Christina Mirjol
Qui suis-je ?
Je suis née en 1949 à Casablanca où j'ai vécu jusqu'à l'âge de sept ans. Je vis aujourd'hui à Paris. C'est à l'enfant que j'ai été que je dois d'écrire aujourd'hui.
L'écriture est un retour merveilleux vers ce qu'on est profondément. Elle ne l'a pas toujours été. C'est-à-dire qu'il n'en était pas question. Pendant de longues années, un objectif plus grand occupait mes pensées : il fallait parler… Ainsi de l’écriture que je m’interdis, que je sacrifie sur l’autel du théâtre, auquel je me dédie entièrement, passionnément.
Qu'est-ce que je lis ?
C'est dans l'année de mes quatorze ans que m'apparaissent quelques-unes des préoccupations esthétiques de la littérature et que je découvre la joie qu'elle me procure. Je dois mon premier élan littéraire à Blaise Cendrars et à La Prose du Transsibérien que mon professeur de français nous fait lire dans la classe. J'éprouve un plaisir incomparable à dire et à entendre la scansion sonore du poème, son rythme métaphorique.

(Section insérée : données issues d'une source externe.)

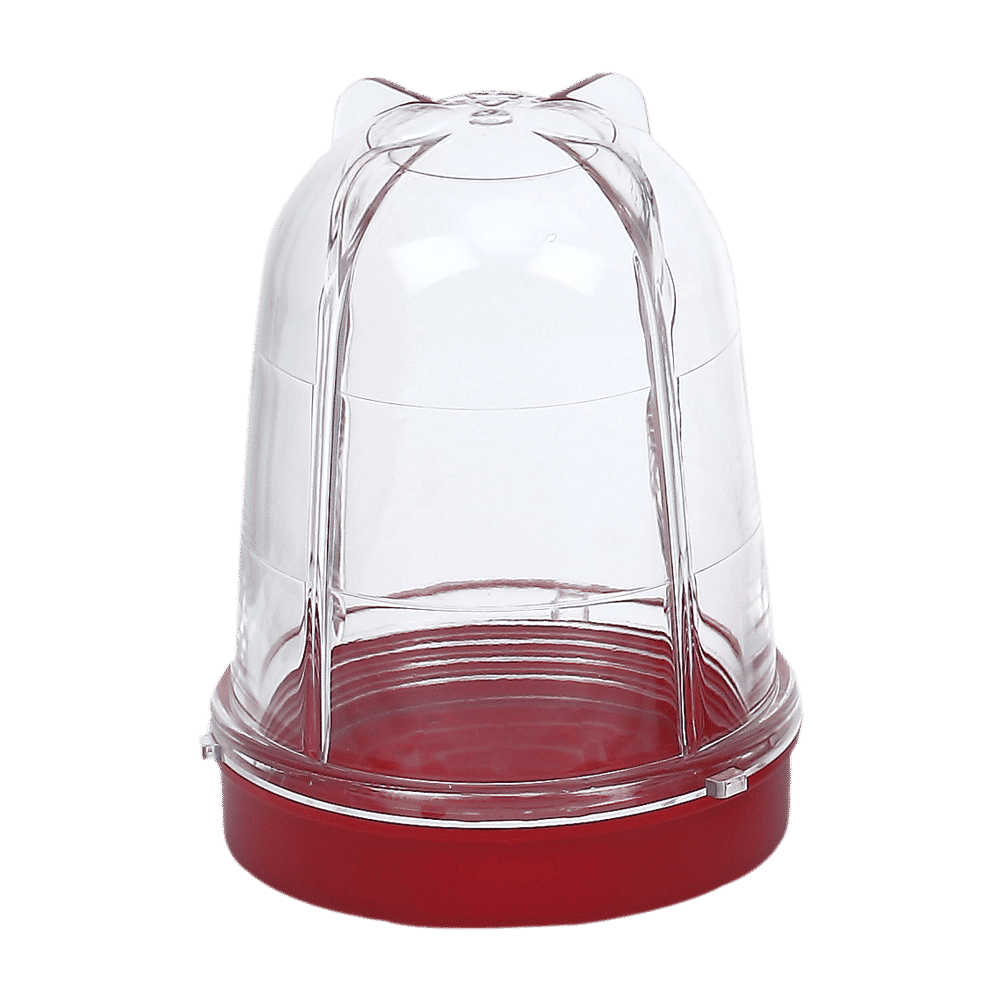 WONDERCHEF Nutri-Blend 400 Watt 3 Jars Mixer Grinder Blender (22000 RPM, Anti-Rust Blades, Red) WONDERCHEF Nutri-Blend 400 Watt 3 Jars Mixer Grinder Blender (22000 RPM, Anti-Rust Blades, Red)_4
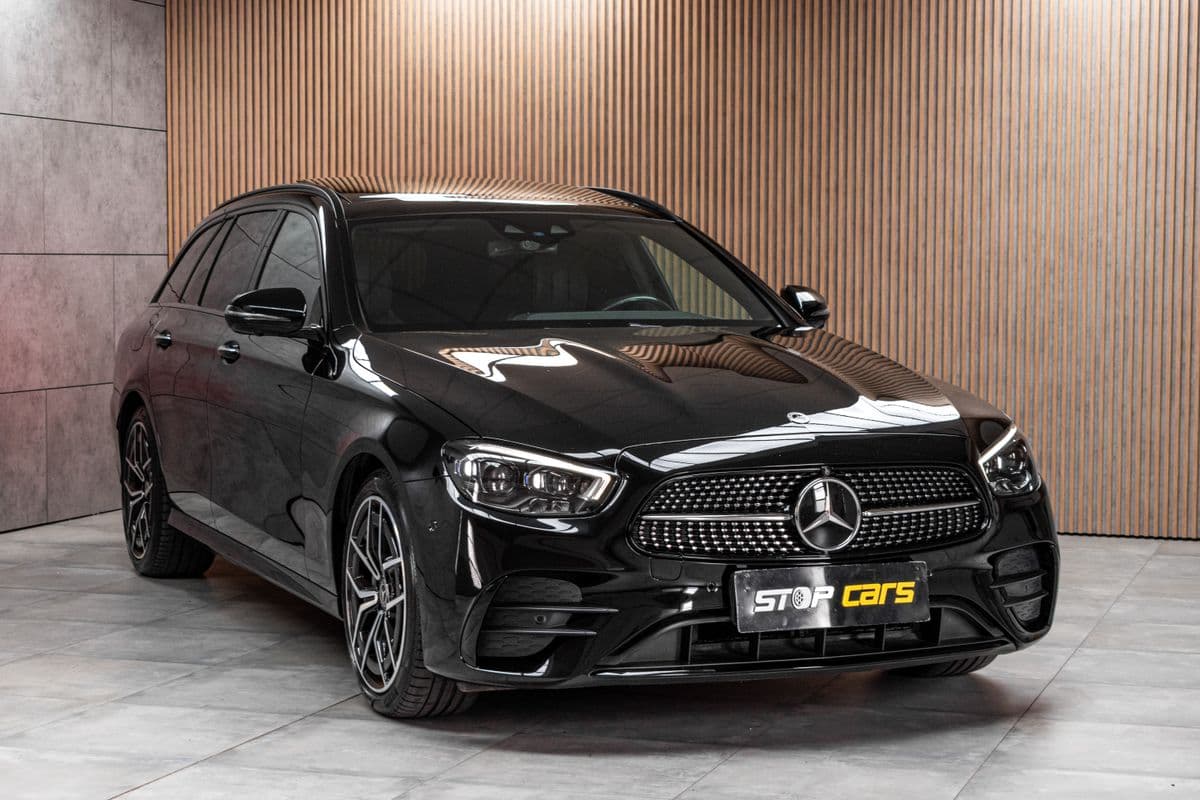 2021 Mercedes-Benz E-CLASS - 3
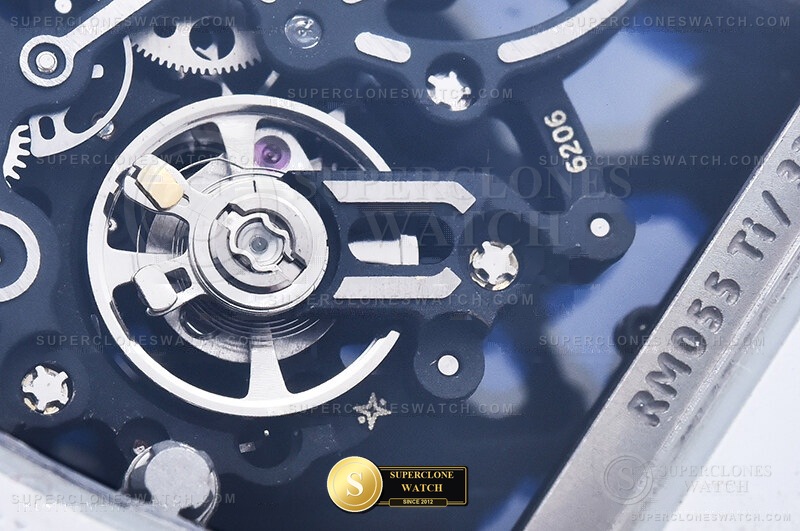 Richard Mille Ref. RM055-WHT BBR / MSF Studio Photo 24 of 25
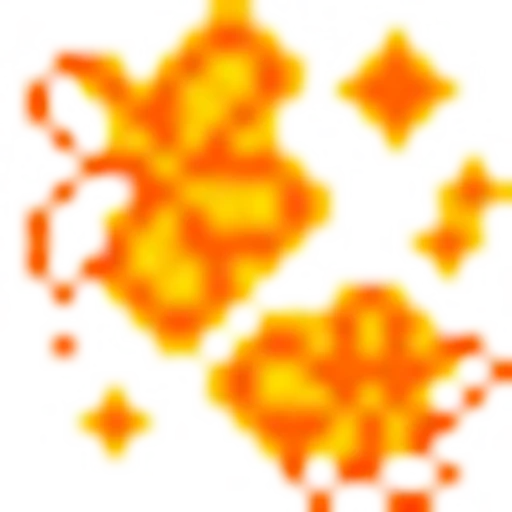 🌼 Эмодзи «Spring pixels» для Telegram
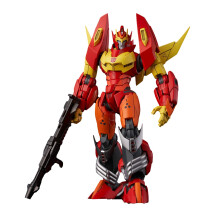 Flame Toys  Transformers  Rodimus IDW Furai Modellbausatz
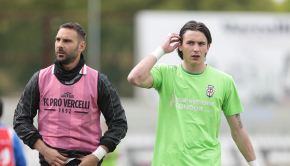 Gianmario Comi e Gianluca Saro (Foto Ivan Benedetto)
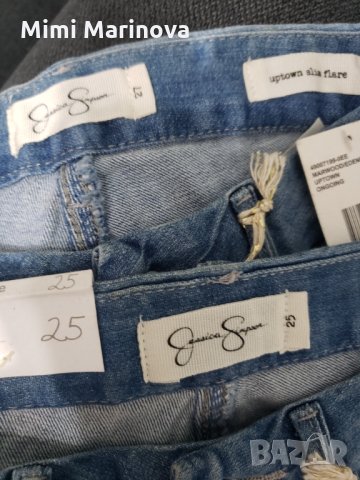 Последнa бройка Дънки чарлстон Jessica Simpson   , снимка 2 - Дънки - 30485343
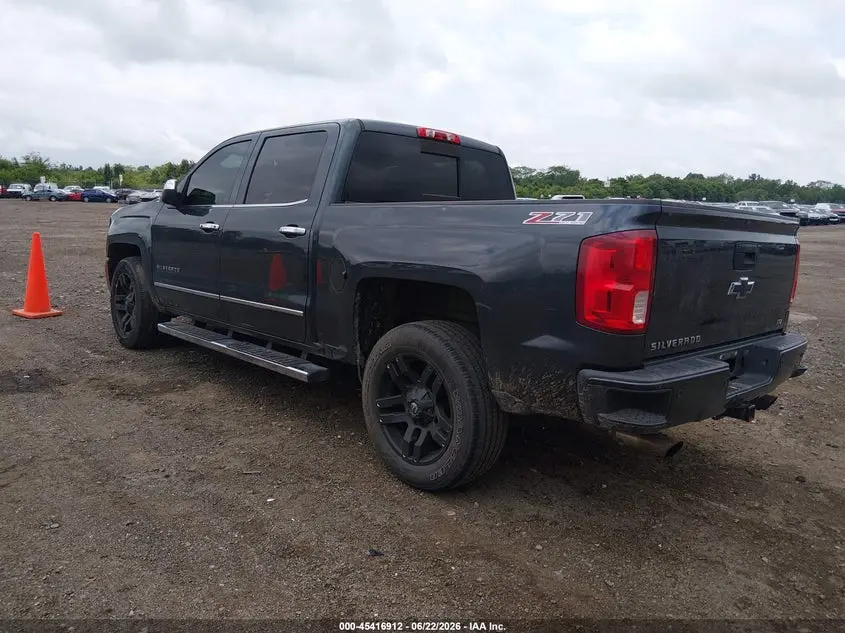 2017 CHEVROLET SILVERADO 1500 LTZ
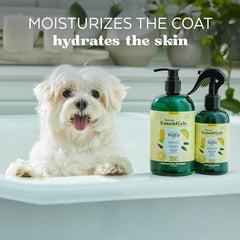 TropiClean Essentials Deodorizing Spray - Moisturize The Coat - Hydrate The Skin - Derived from Natural Ingredients , 8oz.
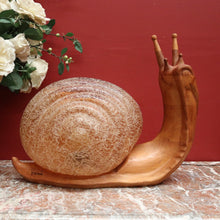 Load image into Gallery viewer, SOLD Marzio Cecchi, 'Lumaca' Snail Lamp, Vintage 1969 Studio Most Murano Snail Lamp. B11550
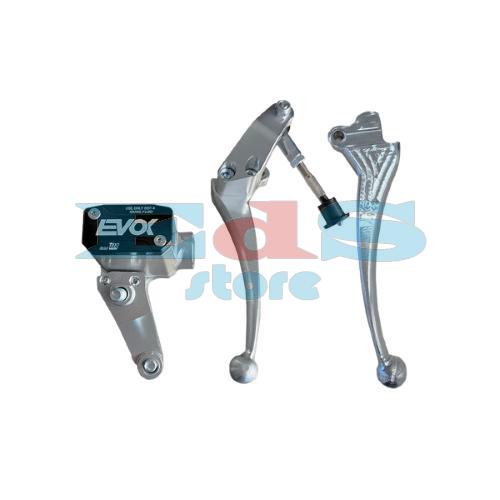 POMPA FRENO IDRAULICA EVOK IRON BRAKE P11 PER VESPA ET3 - ALLUMINIO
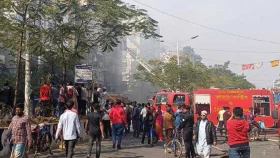 উত্তরায় রেস্টুরেন্টের আগুন নিয়ন্ত্রণে
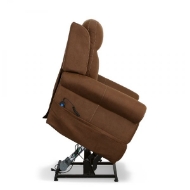 Picture of STEWART FABRIC POWER LIFT RECLINER WITH POWER HEADREST & LUMBAR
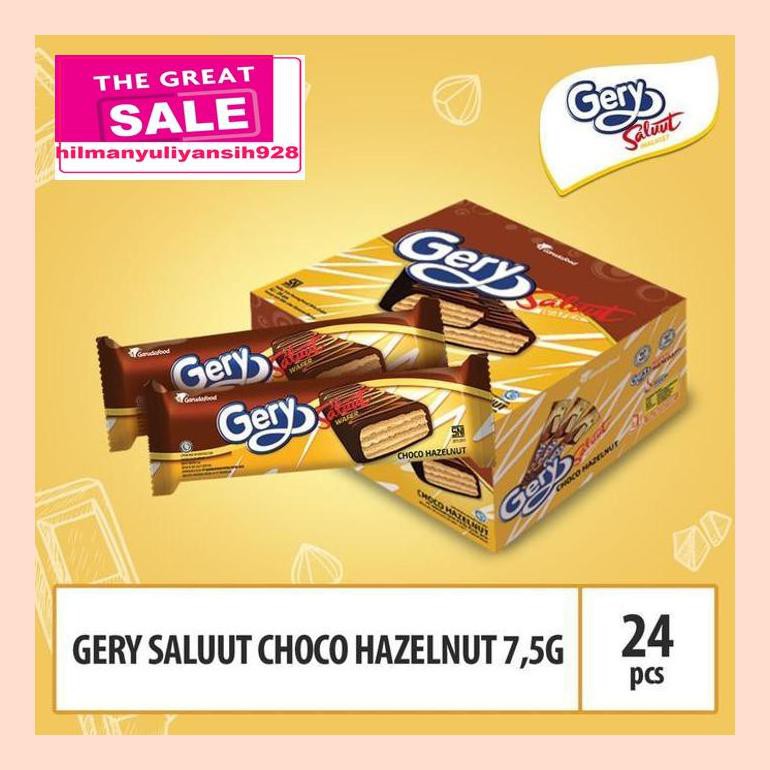 

S50Mra Gery Saluut Choco Hazelnut - 7,5 (Csp4Hz) / Box Ret05Vh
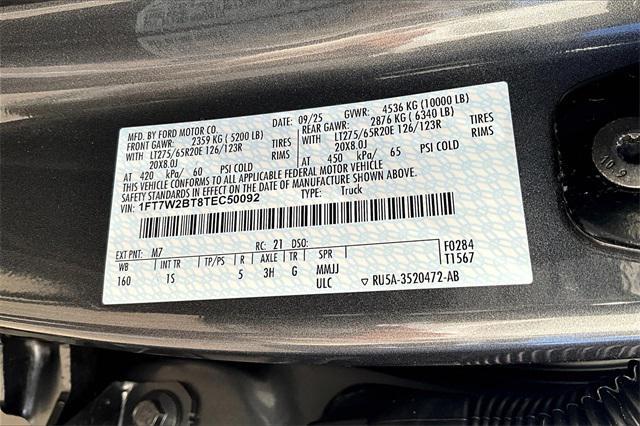 new 2026 Ford F-250 car, priced at $73,325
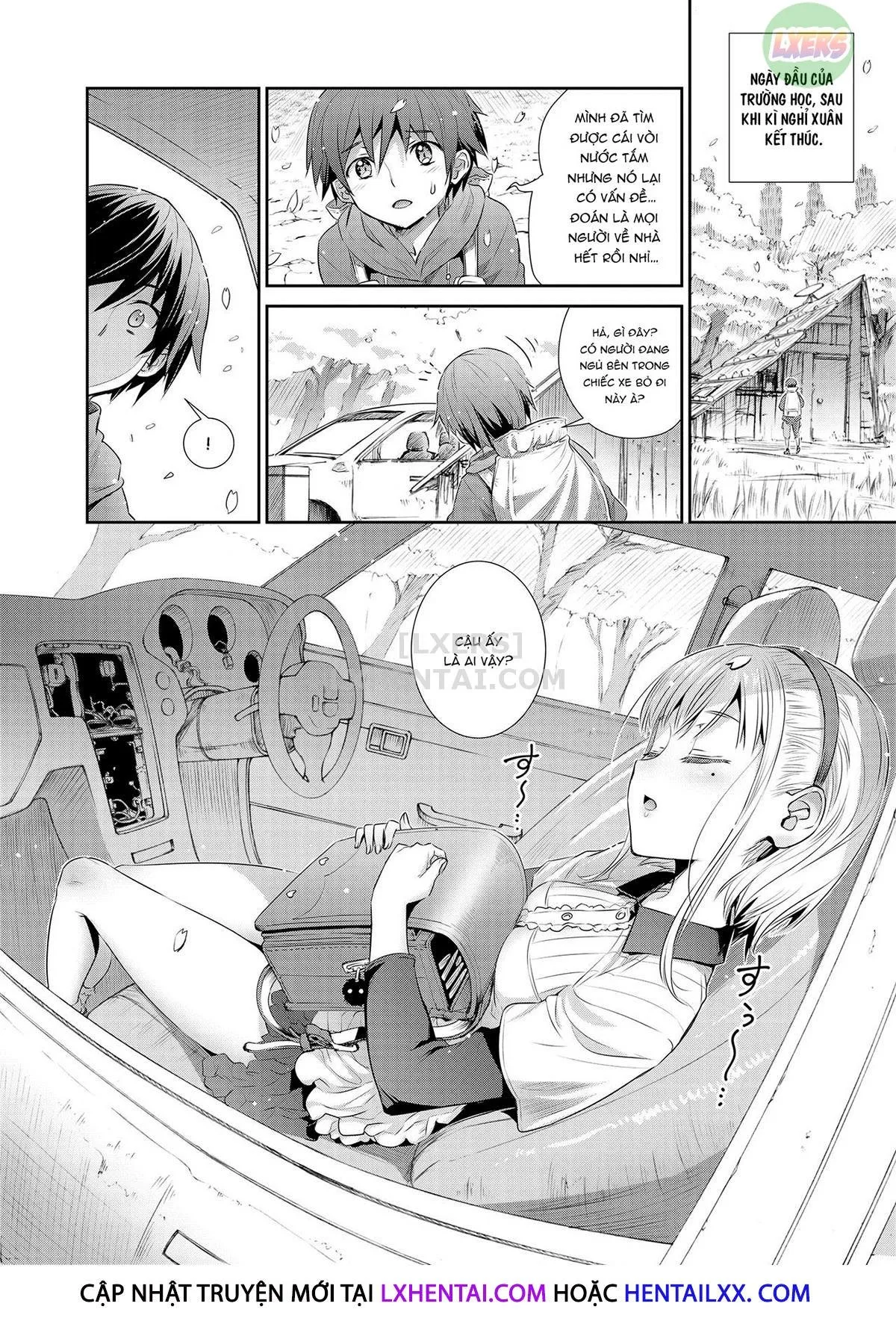 HentaiVN.net - Ảnh 8 - Our Secret Base [Himitsu Kichi De Hotta To] - Oneshot
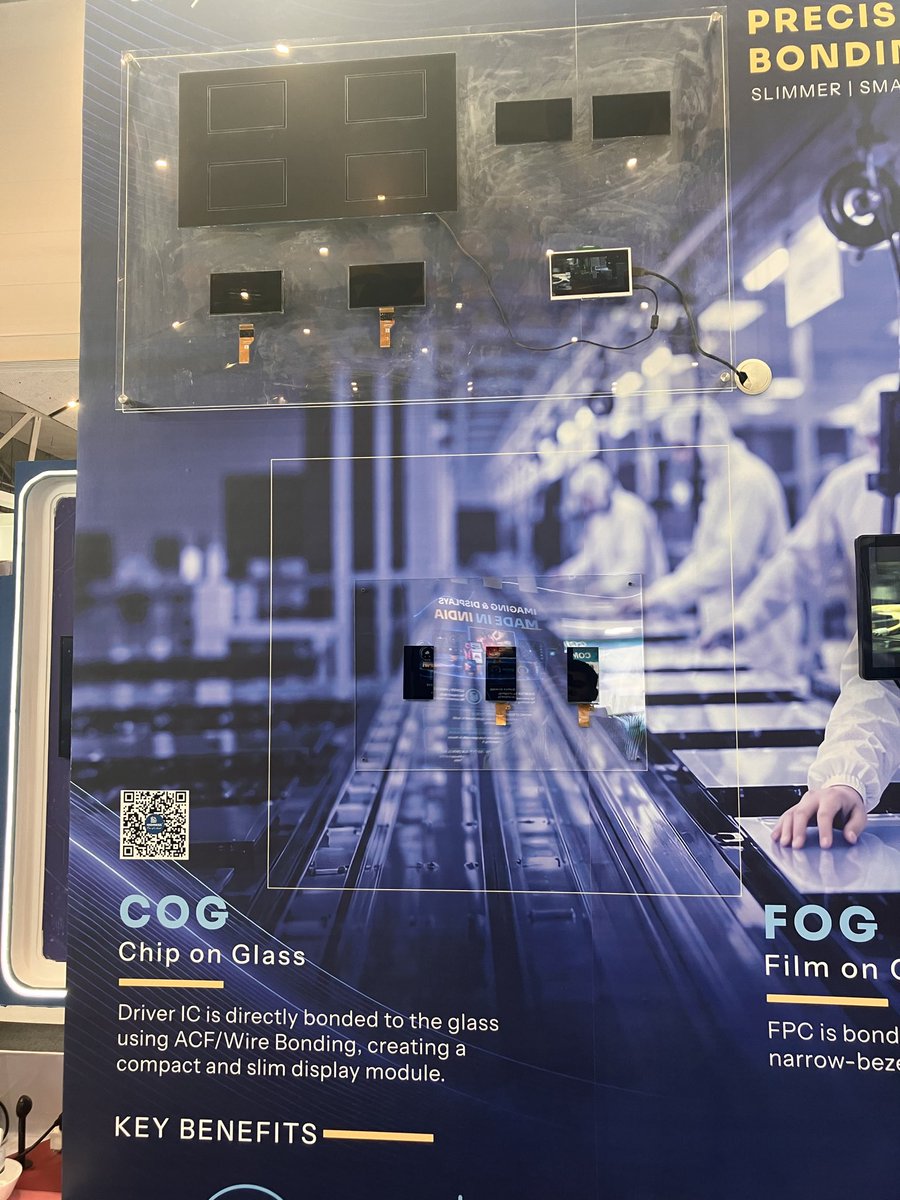 Nanologic7's tweet photo. They manufacture information displays for various Indian metros

recently have given ToT to an American company to build a plant for manufacturing same exact products 

They supply in medical &amp; healthcare , industrial automation &amp; transportation industries https://t.co/NNHKnVXzMN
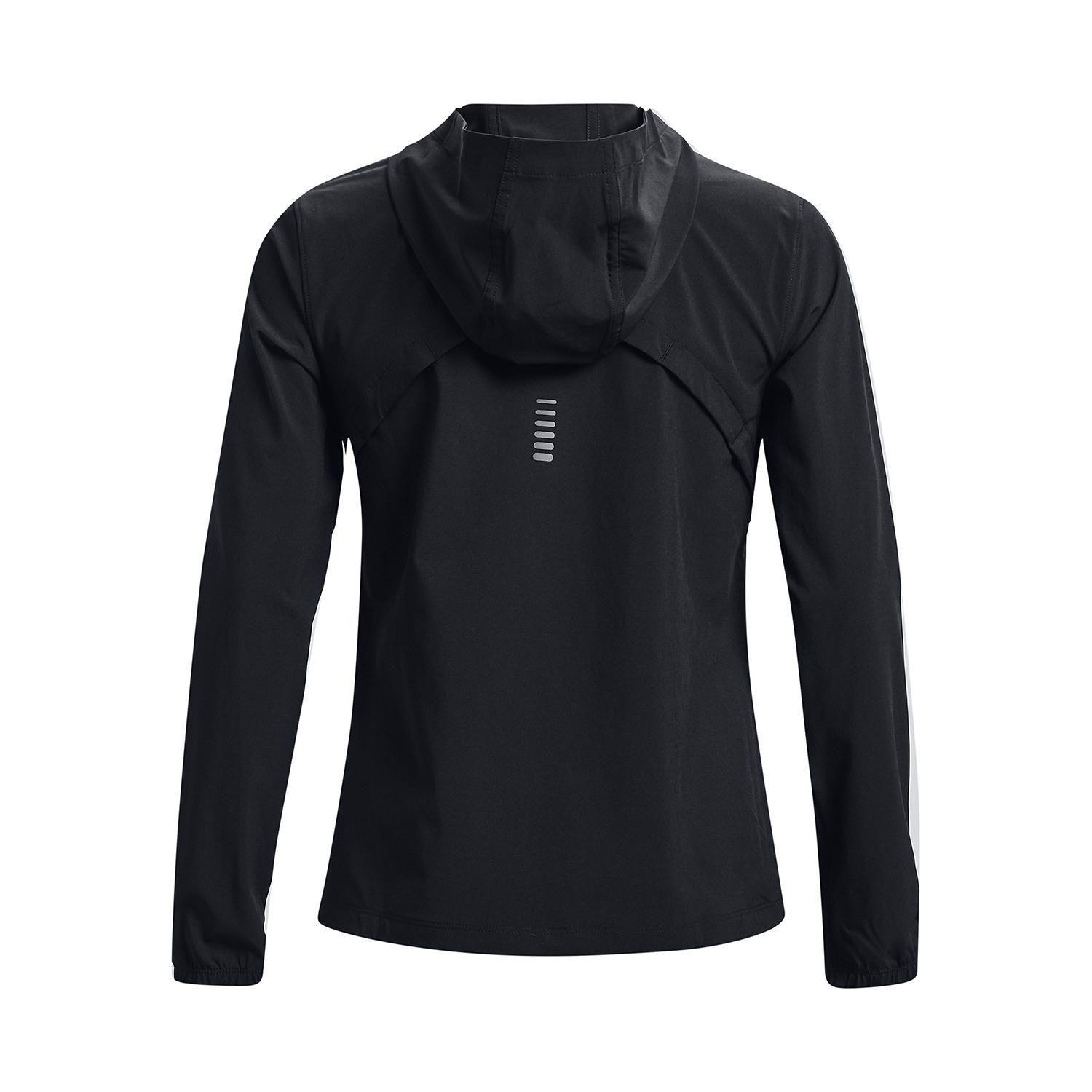 Chaqueta Running Outrun The Storm Negro Mujer-1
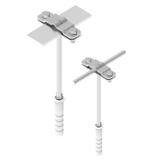 Uchwyt z kołk.rozp.Z-Śruba, M12, L=10cm,B=30mm/OH/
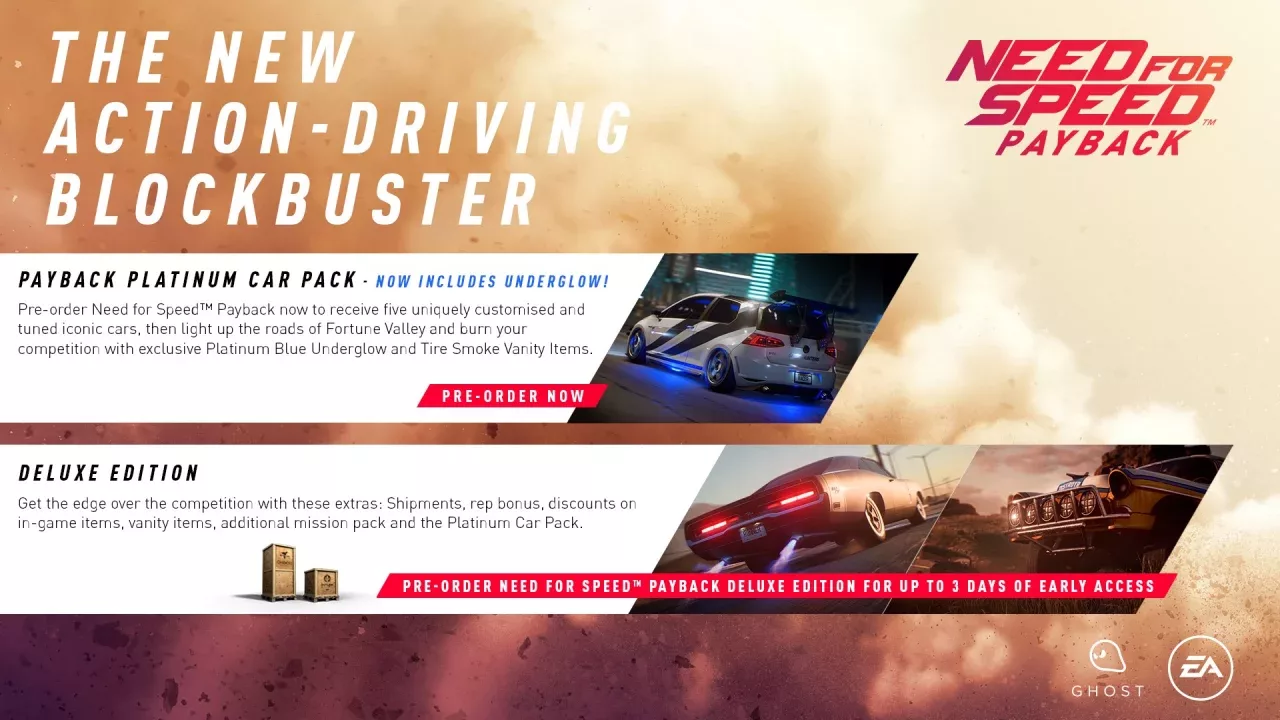 Need for Speed™ Payback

Du plus lointain passé dont je me souvienne, je n'ai pas la parole aisée. Je me souviens que je suis timide et que je bafouille, que je ne peux pas faire sortir le noyau de parole qui m'étouffe. Or, là où je suis muette sur bien des choses, le livre prend en charge ma parole disloquée et l'ordonne.
Qui ne voudrait habiter dans toutes les langues quand il lit Pessoa, Melville, Borges ou Virginia Woolf ? Selma Lagerlöf, Elizabeth Bishop ou Kafka ? Par chance nous avons Flaubert et Rimbaud, La Douleur de Duras, Moralités légendaires de Jules Laforgue, nous avons Michaux…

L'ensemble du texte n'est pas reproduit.